中国组织工程研究杂志出版内容重点：肾移植；肝移植；移植；心脏移植；组织移植；皮肤移植；皮瓣移植；血管移植；器官移植；组织工程

Key words: Tissue Engineering, Model, Animal, Pain, Sciatic Nerve

中图分类号:

R318

黄异飞，胡炜，李磊，刘岩路. 新疆阿魏干预神经源性疼痛模型大鼠痛阈及脊髓Fos蛋白和星形胶质细胞的表达[J]. 中国组织工程研究, 2015, 19(40): 6485-6491.

Huang Yi-fei, Hu Wei, Li Lei, Liu Yan-lu. Effect of Ferula sinkiangensis K.M. Shen on pain threshold and Fos protein expression and astrocyte activation in the spinal cord of neuropathic pain rats[J]. Chinese Journal of Tissue Engineering Research, 2015, 19(40): 6485-6491.

图/表（结果） 3

The number of animals and process of modeling

Eighty rats were included in the final analysis without any loss.

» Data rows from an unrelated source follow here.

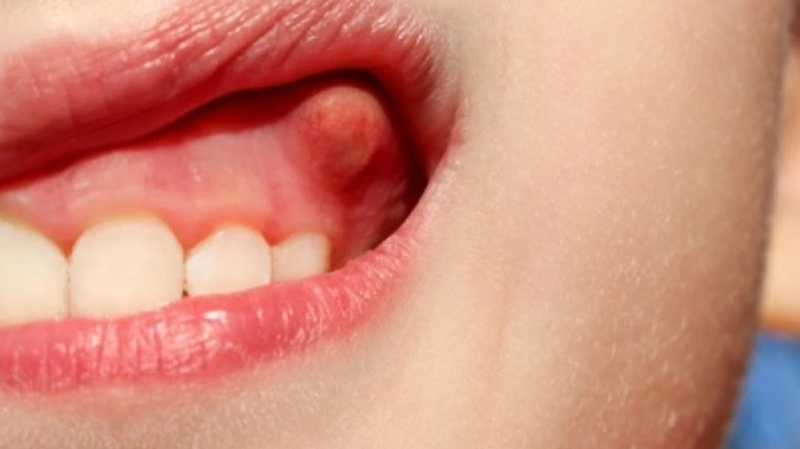 Mọc mụn ở lợi chân răng có nguy hiểm không? 3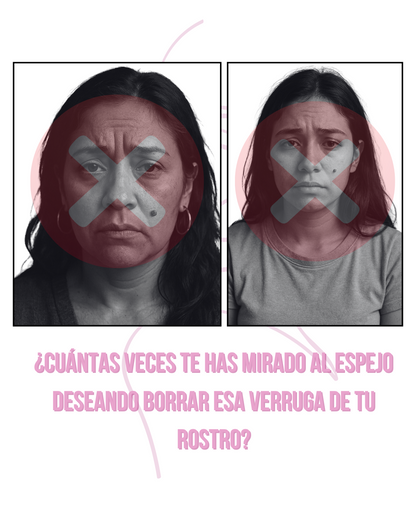LUMINIIX - ADIÓS VERRUGAS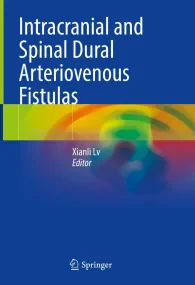 Intracranial and Spinal Dural Arteriovenous Fistul...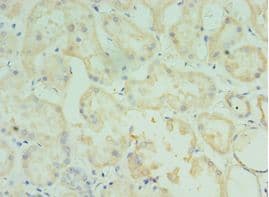 TMOD3 / Tropomodulin 3 Antibody (aa1-352)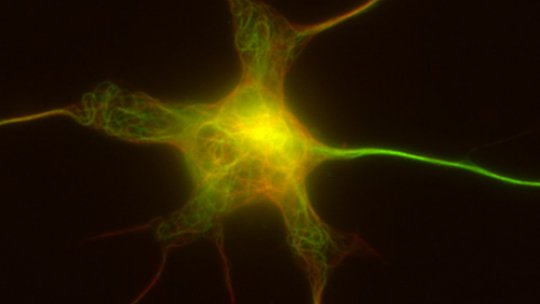 Imatge de microscòpia d’una neurona de ratolí en cultiu amb la xarxa de microtúbuls en verd i vermell, segons modificacions químiques. L’axó, en verd més intens, és l’extensió nerviosa que té més microtúbuls modificats (Carlos Sánchez-Huertas, IRB)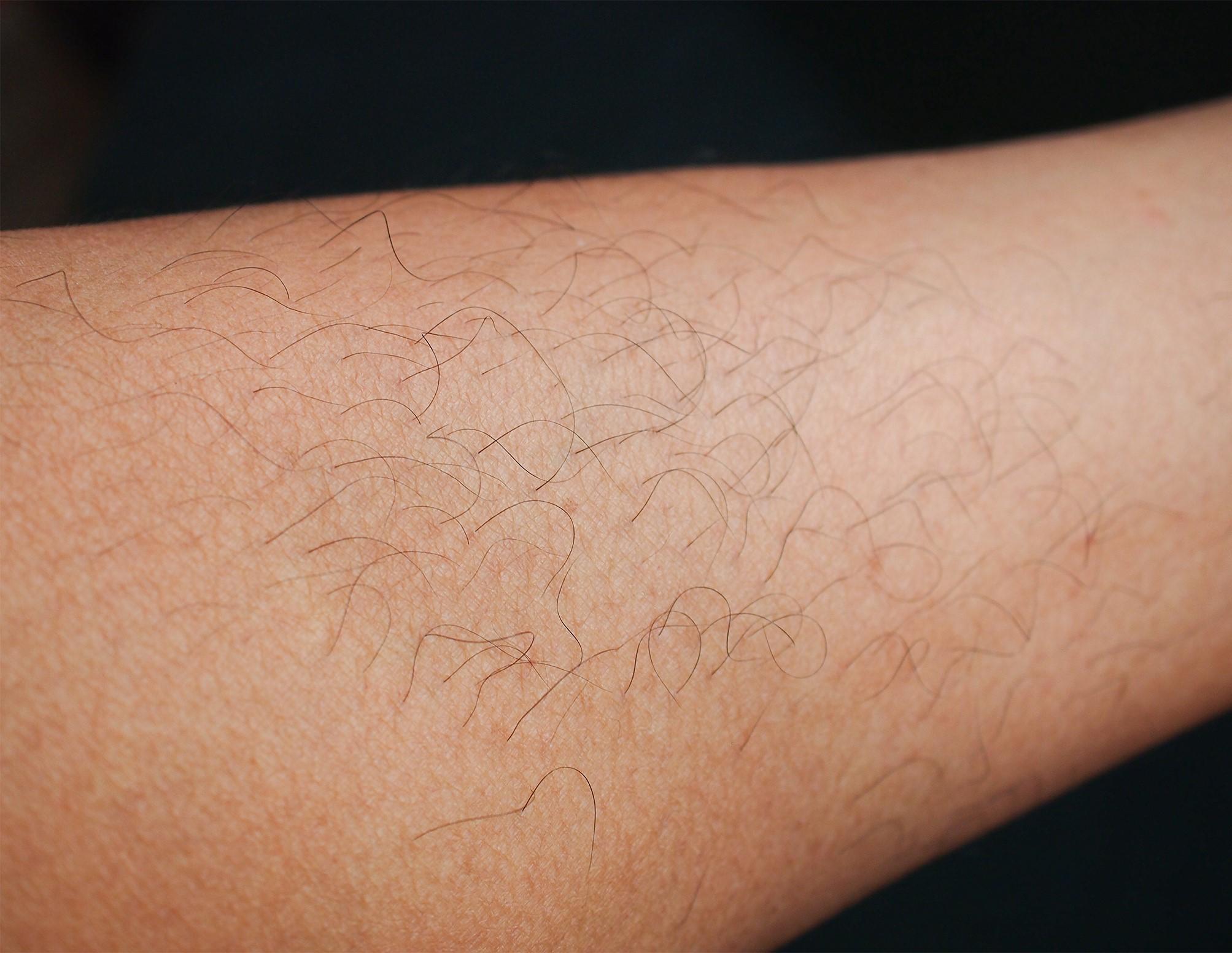 Hairy arm before laser hair removal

Effects of Ferula sinkiangensis K.M. Shen on behavioral pain scores

Spontaneous pain scores were significantly higher in all groups at 1, 2, 3, 5, 7 and 14 days after CCI compared to those before CCI, with the highest scores observed at 7 days after injury (P < 0.01). Scores were significantly lower in the CCI+A2, CCI+A3 and CCI+S groups compared to the CCI+NS group at 2, 3, 5 and 7 days following drug administration (P < 0.05), suggesting that Ferula sinkiangensis K.M. Shen acts as an analgesic. Pain scores were significantly higher in the CCI+A1 and CCI+A2 groups compared to the CCI+S group at 3, 5, 7 and 14 days after drug administration (P < 0.01), indicating less analgesic efficacy compared to the COX-2 inhibitor celecoxib. In addition, higher scores were observed in the CCI+A3 group compared to the CCI+S group at 5, 7 and 14 days after drug administration (P < 0.05; Table 1). TWL changes

There were no significant differences in TWL among groups before CCI (P=0.148). After injury, however, all groups exhibited a decrease in TWL which was apparent at 1 day before treatment (P=0.033 compared to pre-CCI). The largest reduction after CCI was measured in the CCI+ NS group. In this group, TWL was slowly increased at the beginning at about 5 days before treatment. In the three Ferula sinkiangensis K.M. Shen groups, however, TWLs were significantly higher than those in the CCI+NS group at days 1 and 5 before treatment (P=0.008), and significantly higher in the CCI+A2 group compared to the CCI+NS group at each time point (P=0.034). The TWLs were significantly lower in the CCI+A1 and CCI+A3 groups compared to CCI+A2 at 2, 5 and 14 days before treatment (P=0.033), suggesting that the moderate dose provided optimal thermal analgesia. Although TWLs did not recover to the values before treatment in any group at 14 days before treatment. TWLs in the CCI+A1 and CCI+A2 groups were still significantly higher than that in the CCI+NS group (P=0.001; Table 2).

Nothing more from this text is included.